Robert Downey Jr., Susan Downey, The Hollywood Reporter

Courtesy The Hollywood Reporter

Robert Downey Jr.et Susan Downey se complètent comme le yin et le yang.

Avant que Le Juge ne sorte en salles, le méga-couple fait la une du Hollywood Reporter pour son numéro du 10 octobre. Dans une rare interview à deux, ils révèlent pourquoi leur polarité fait d'eux les partenaires parfaits en affaires et dans la vie.

Le couple s'est rencontré en 2003 alors que Susan produisait son premier film pour Joel Silver. Vu qu'elle travaillait chez Silver Pictures depuis 1999, elle savait que Gothika serait le film qui l'aiderait à percer. De ce fait, elle s'est concentrée sur le travail, pas l'amour.

"On était à Montréal en train de préparer Gothika, on déjeunait avec le réalisateur et Halle Berry", a raconté Susan, en parlant de leur première rencontre. "Tout le monde a commandé des plats japonais, mais Robert nous a déclaré que les flocons d'avoine étaient "son carburant". Il avait apporté ses propres flocons d'avoine en sachet pour déjeuner. Et il avait une boîte avec plein d'herbes aromatiques différentes. Et il s'est même mis à faire du yoga."

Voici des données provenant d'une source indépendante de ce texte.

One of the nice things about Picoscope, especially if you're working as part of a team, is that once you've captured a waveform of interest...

Susan explique : "Il était intéressant, mais bizarre."

Et c'est l'excentricité de Robert qui lui a finalement permis de gagner le cœur de la productrice.

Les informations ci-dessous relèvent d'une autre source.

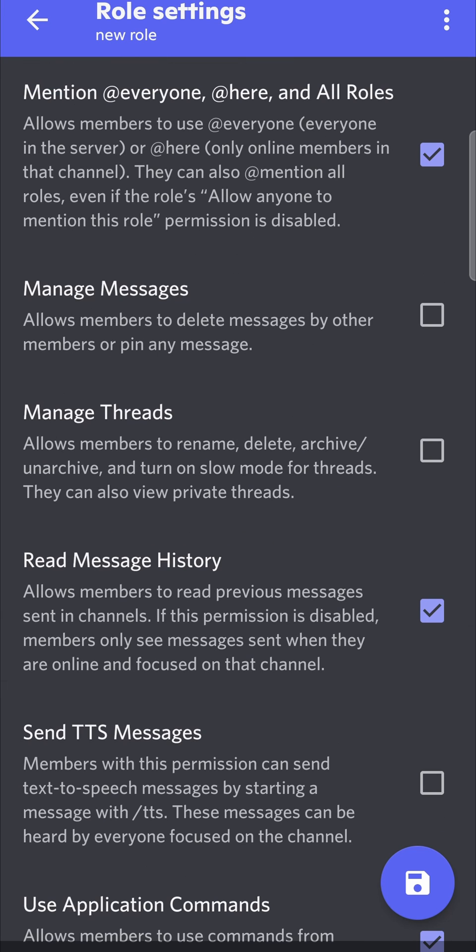Once you have set up all your different permissions, tap the save button at the bottom right hand corner, and then that will be saved. Now we've set up the role.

Trois mois plus tard, Robert lui demandait sa main. Il n'était pas encore divorcé de la mannequin et chanteuse Deborah Falconer, qu'il avait épousée en 1992, au bout d'une idylle de 42 jours. Finalement, Susan a accepté de l'épouser. Elle l'a fait poireauter deux ans et a insisté pour qu'il devienne sobre, sinon, elle le quittait pour de bon. "L'addiction était un concept tellement étranger à mes yeux", explique-t-elle. "Je n'avais aucune idée de l'emprise que ça avait sur les gens."

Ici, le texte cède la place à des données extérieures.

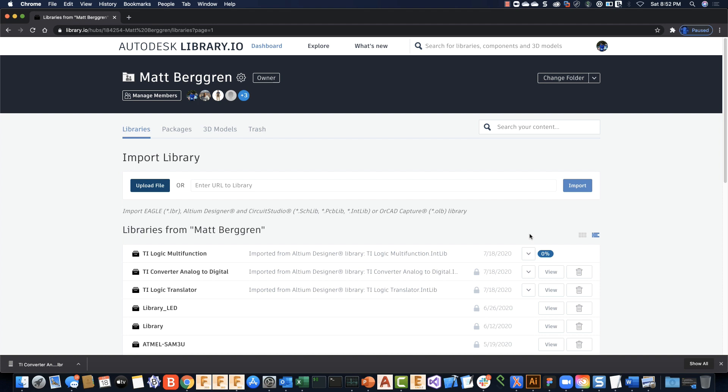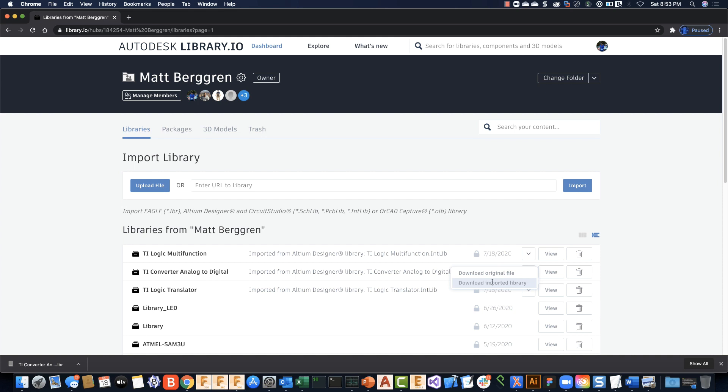You'll see the translation progress here, and as soon as the translation is complete, you can choose to either download the original file or download the imported library. The imported library will be downloaded as an LBR file, which will work either in desktop Eagle or in Fusion 360's electronics environment.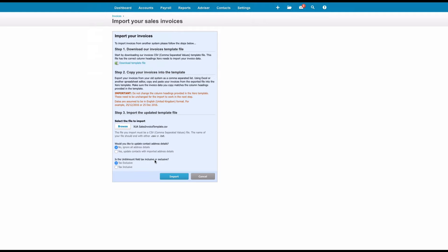Is the unit amount field tax inclusive or exclusive? So you will remember we added the total value, so it actually includes the VAT amount, so it's important that we select that. The first invoice was 360 pounds, so that was clearly 300 pounds plus VAT, and then we just choose Import.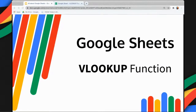Welcome back to the channel where we simplify technology for you. For this video, I will demonstrate the use of the VLOOKUP function in Google Sheets. Let's get started.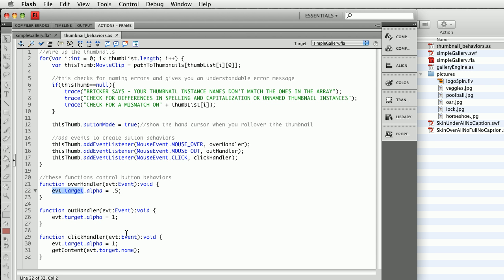And then the last thing we want is there is a getContent function which exists in the galleryengine.as. That takes the name of whatever button was clicked and runs it through another script that decides what kind of content to load. And that's it.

"Heureusement", ajoute l'acteur. "Si elle avait su la gravité de ma dépravation, on ne serait pas assis ici." Robert, 49 ans, et Susan, 40 ans, se sont mariés au cours d'une cérémonie juive dans les Hamptons en août 2005.

Susan, qui attend une petite fille, a déclaré qu'elle était "très concentrée, motivée, rigide et carriériste" avant de rencontrer Robert. "Je ne tenais pas à avoir des enfants ou à fonder un foyer. Je ne pensais pas aux enfants. Ce n'est pas que je n'en voulais pas, mais je n'y pensais pas. Et là, quelqu'un est arrivé dans ma vie comme une tornade, cette magnifique boule d'énergie créative et passionnée. Et ça m'a complètement ouvert l'esprit."

Leurs carrières se sont épanouies et, par nécessité, ils ont institué une règle de deux semaines : ne jamais passer plus d'une quinzaine de jours séparés. Quand ils ont créé leur propre société de production, Team Downey, en 2010, ils ont changé cette règle pour ne jamais se quitter. "On s'est dit que si on voulait passer du temps ensemble, bâtir une vie ensemble, alors on devrait tout simplement tourner des films ensemble", a expliqué Susan. Son mari ajoute en rigolant : "Susan tient un pilier et je tiens l'autre, et il y a un arc créatif de tension qui passe entre nous."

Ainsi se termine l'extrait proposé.